I also worry about device obsolescence. When the first iPods came on the market in November of 2001, Apple as already prepping for the next version that launched in February of 2002. The second generation had twice the capacity and cost less to purchase and had significant improvements. I hope they have improved their product development cycle over the years.

Social Networking to Aid Collaboration Amongst Graduate Students

Thursday, June 28th, 2007

The good folks over at the Simpson Center for the Humanities have creative ideas for reaching students in the near future using social networking tools or sites like Facebook or MySpace. They would love to see a UW-centric mechanism for like-minded students of different disciplines to discover each other and collaborate on research projects.

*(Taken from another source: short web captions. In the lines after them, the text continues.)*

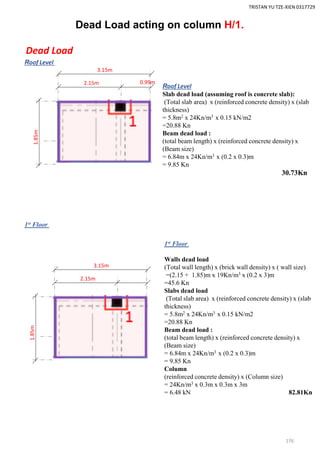 1.85m
3.15m
Dead Load acting on column H/1.
Dead Load
2.15m 0.99m
Roof Level
Roof Level
Slab dead load (assuming roof is concrete slab):
(Total slab area) x (reinforced concrete density) x (slab
thickness)
= 5.8m2 x 24Kn/m3 x 0.15 kN/m2
=20.88 Kn
Beam dead load :
(total beam length) x (reinforced concrete density) x
(Beam size)
= 6.84m x 24Kn/m3 x (0.2 x 0.3)m
= 9.85 Kn
30.73Kn
1st Floor
1st Floor
Walls dead load
(Total wall length) x (brick wall density) x ( wall size)
=(2.15 + 1.85)m x 19Kn/m3 x (0.2 x 3)m
=45.6 Kn
Slabs dead load
(Total slab area) x (reinforced concrete density) x (slab
thickness)
= 5.8m2 x 24Kn/m3 x 0.15 kN/m2
=20.88 Kn
Beam dead load :
(total beam length) x (reinforced concrete density) x
(Beam size)
= 6.84m x 24Kn/m3 x (0.2 x 0.3)m
= 9.85 Kn
Column
(reinforced concrete density) x (Column size)
= 24Kn/m3 x 0.3m x 0.3m x 3m
= 6.48 kN 82.81Kn
1.85m
3.15m
2.15m
TRISTAN YU TZE-XIEN 0317729
176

Tony and I had a great conversation with them the other day seeking ways we could learn from them and help them grow their ideas.

One very interesting idea Peter Leonard broached was adding profile information channels to MyUW, where one could post interests, activities and descriptive data and perhaps the portal could assist the users in finding each other. That led Tony to ask what might be key for social networking at Universities? Discovering others? Linking with others? Searching for particulars? Collaboration on projects?

We would be interested to hear your ideas for social networking here. Please comment or drop us a line.

E Tech ‘07: Keynote talk

Tuesday, March 27th, 2007

William H. Janeway, Vice Chairman, Warburg Pincus
Peter Bloom, Managing Director, General Atlantic LLC
Tim O’Reilly, moderator

Trades on Wall Street average one every 30 miliseconds. So speed matters, mentions Tim. Peter notes that location matters as well, as the brokerages are battling to locate their servers as close to the trading center as possible to reduce latency.

Dark Pools of liquid: Bill describes this as the process of breaking down large transactions, say selling 10,000 shares of Google on one exchange to 2,000 shares over different exchanges in odd size lots, which preserve the anonymity of the seller.

So is the information that we all thought would be freely available, now too valuable, and therefore is the internet environment retrenching from this goal?

But Peter mentions Trade Station, where people are sharing information and trading models and using processes that allow for that 10,000 trades per second he mentioned earlier. So this is a community approach, yet it is not free ($100/month.)

“Why Smart People Make Big Money Mistakes” by Gary Belsky, Thomas Gilovich

Web 2.0: Now there is less time to live with or correct mistakes. Picture a car going 120 MPH.